Provisions of HIPAA Final Regulations that may be of particular interest to group health plans include

EBIA Weekly 1/24/13

  • Privacy and Security Rule Modifications.

— Business associates are directly subject to the security rule requirements (including administrative, physical, and technical safeguards, and related policies and procedures) and many privacy rule requirements. OCR can take direct enforcement action against business associates for violations of these provisions.

— The business associate definition is broadened to include entities that create, receive, maintain, or transmit PHI in connection with services to a covered entity. [EBIA Comment: The prior definition focused on use or disclosure, prompting some service providers that did not regularly access PHI to disavow business associate status. The change reflects HHS’s narrowing of the conduit exception. The preamble explains that vendors storing PHI are business associates if they have the ability to access PHI—even if actual access is not part of their services. The conduit exception is limited to couriers (and their electronic equivalents) that have only a “transient” ability to access PHI.]

— Subcontractors may be business associates. If a business associate delegates a function that makes it a business associate to a third party, that party also becomes a business associate, and the delegating business associate (not the covered entity) must have a business associate contract with the subcontractor. For example, a document disposal service hired by a business associate to dispose of PHI is a business associate, directly subject to the applicable provisions of HIPAA’s privacy and security rules.
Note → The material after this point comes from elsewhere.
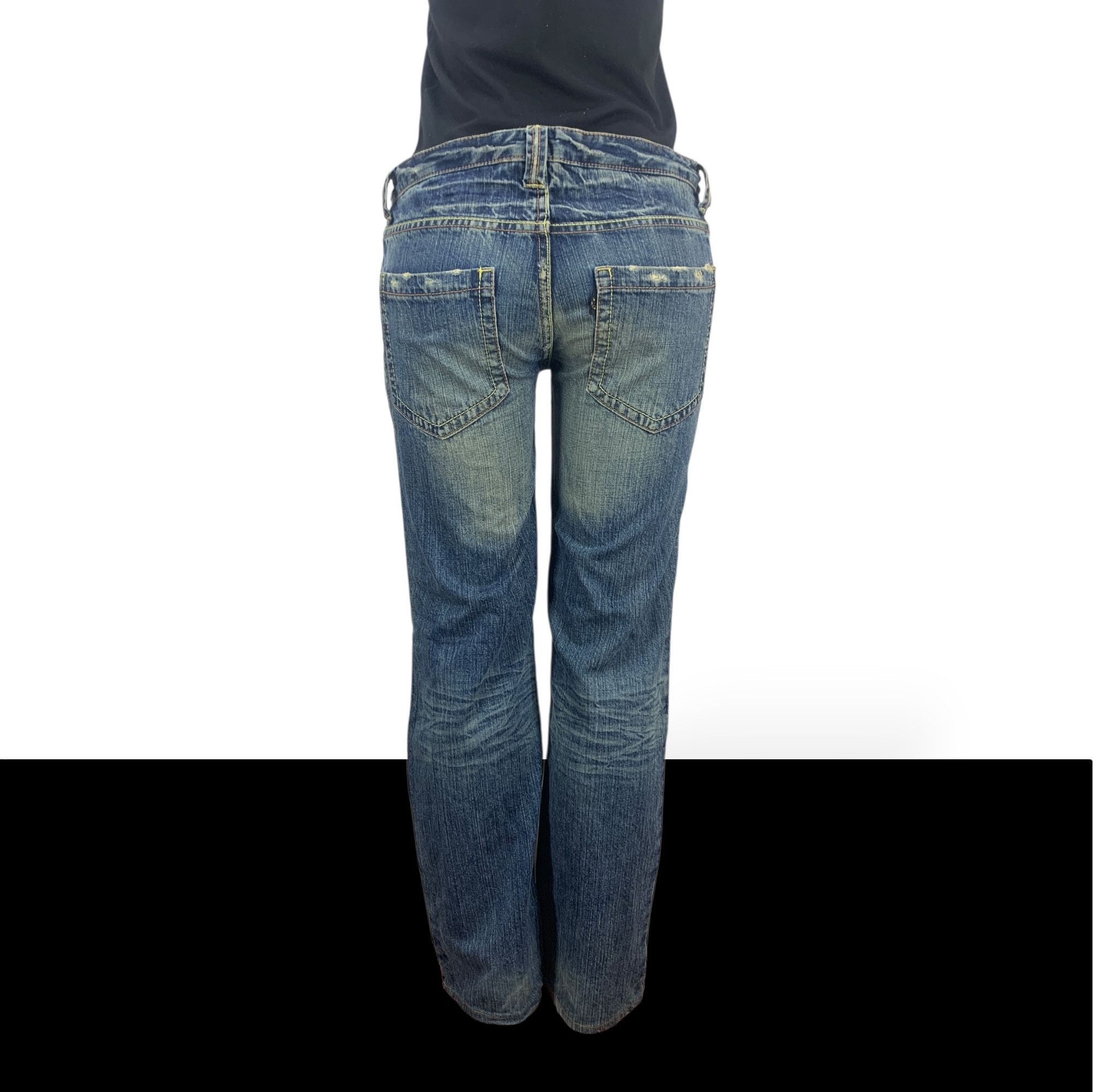 Vanquish Vanquish Denim Jeans Japanese Distressed Jeans Pants Size US 33 - 3 Thumbnail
— Individuals can obtain electronic access to their PHI that is maintained electronically in a designated record set. This generally requires a covered entity to provide PHI in the form and format requested by, or agreed to by, the individual. Individuals also can direct the covered entity to transmit electronic PHI to a third party. (Business associates must provide such access only as agreed to under a business associate contract.)

— The Notice of Privacy Practices must reflect additional content, including the requirement for breach notification and the prohibition on using genetic information for underwriting purposes. HHS considers these changes to be material—generally requiring distribution of a revised Notice within 60 days of the revision. However, for this and future revisions, a health plan that posts its Notice on its website can post the revised Notice on the compliance date and, in its next annual mailing, provide the revised Notice (or information about how to obtain it).

  • Increased Civil Penalties. The final regulations implement the increased penalty amounts under the HITECH Act and extend potential liability to business associates that violate an applicable HIPAA provision. Further, both covered entities and business associates may be liable for civil penalties if their “agents” violate HIPAA. The preamble provides an extensive discussion of agency, noting that an agent’s status is determined under federal law and depends on the authority to control the performance of services.
  • Breach Notification. The final regulations change the definition of a “breach” of unsecured PHI. The new definition presumes there is a breach—and generally requires notification—unless a risk assessment demonstrates a low probability that PHI has been “compromised.” The risk assessment must consider at least the following factors: the nature of the PHI, the unauthorized person who received the disclosure, whether the PHI was actually acquired or viewed, and the extent to which the risk has been mitigated.
  • GINA. The regulations prohibit health plans from using or disclosing “genetic information” for “underwriting purposes.” (These definitions track existing GINA regulations. For example, a health plan may not use or disclose genetic information for determining eligibility, coverage, or payments under the plan; an exception allows use for determining medical appropriateness of a treatment.) This prohibition applies to all health plans that are subject to the privacy rule, except issuers of long-term care insurance.